--- What the task asks ---
Look below for the line that contains "Teatro Prosa sedia", then copy it and each following line exactly, through and including the line that contains "wal_172619-skyscrapers-9596809_1280".

--- Provided records ---
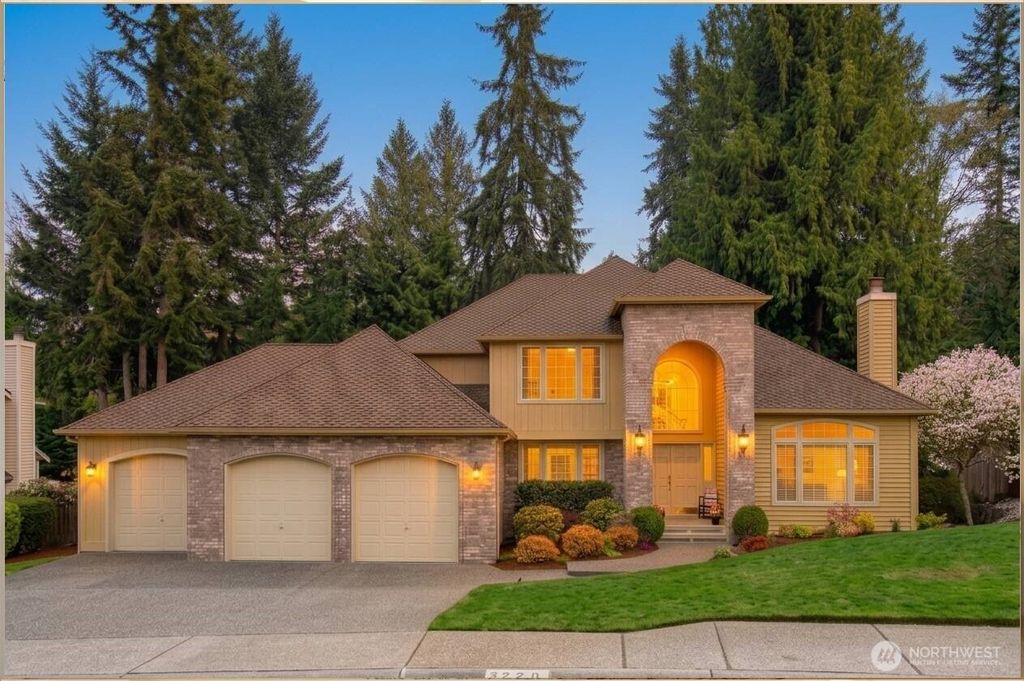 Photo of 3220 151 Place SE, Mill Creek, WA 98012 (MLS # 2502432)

...

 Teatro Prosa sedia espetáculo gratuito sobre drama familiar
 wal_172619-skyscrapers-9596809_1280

--- Solution below ---
 Teatro Prosa sedia espetáculo gratuito sobre drama familiar
 wal_172619-skyscrapers-9596809_1280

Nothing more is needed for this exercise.